On 10 March 2023, James made his first start for the Scarlets, in a friendly against the Saracens.

James made his first start in the league on 14 April 2023 against Glasgow Warriors, at inside centre. The following week he signed a contract extension with the Scarlets, along with fellow centres Joe Roberts and Ioan Nicholas.

James was named as the Coaches’ Breakthrough Player of the Season for the 2023–24 season.

James was selected as Man of the Match on 25 October 2024 in a win over Zebre Parma, setting up a try for Macs Page. He signed an extension with the Scarlets on 28 March 2025. He made his 50th appearance for the Scarlets on 24 January 2026, in an extra-time victory over Ulster. On 17 August 2026, James signed a contract extension with the Scarlets.

== International career ==

=== Wales U18 and U20 ===
James was selected for Wales at U18 level, but the season was disrupted due to Coronavirus.
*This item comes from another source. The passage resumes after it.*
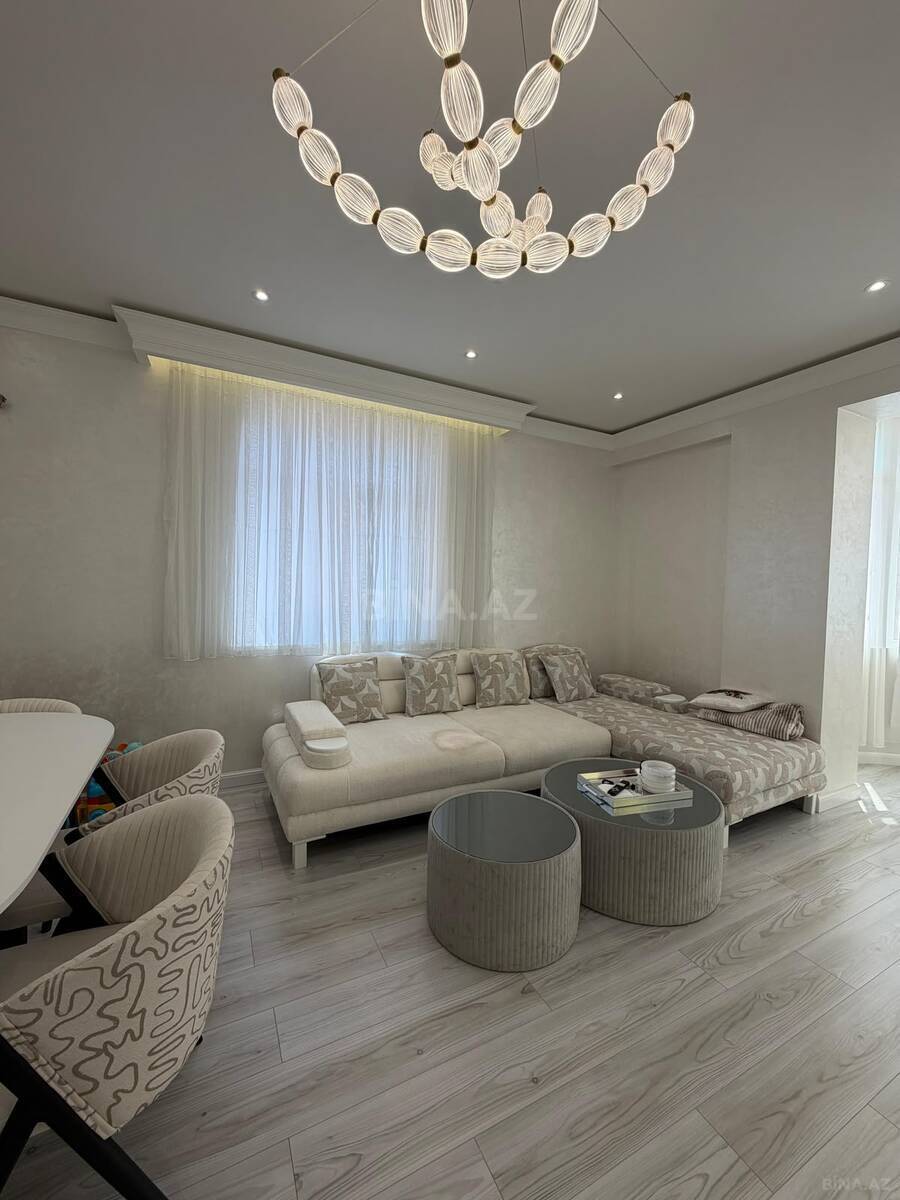 3 otaqlı Yeni tikili, İnşaatçılar m., Bakı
He was selected for Wales U20 for the delayed 2021 Six Nations Under 20s Championship. James spent another year with the side, featuring in the 2022 tournament.

=== Wales ===
On 6 June 2024, James was added to the Wales squad for the tour to Australia. James made his debut on 22 June 2024 against South Africa, coming off the bench.
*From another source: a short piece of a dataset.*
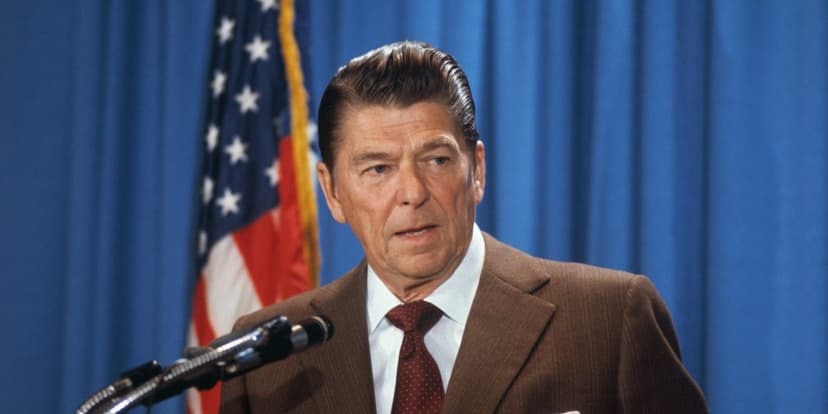 US Faces Echoes of 1980s Tanker War in Hormuz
James made his first start for Wales on 19 July 2024, in an uncapped friendly against Queensland Reds.

James was named in the squad for the 2026 Six Nations by Steve Tandy. During the season he was deployed increasingly at outside centre, with Joe Hawkins partnering him at inside centre for both club and country. James scored for Wales on 4 July 2026, against Fiji.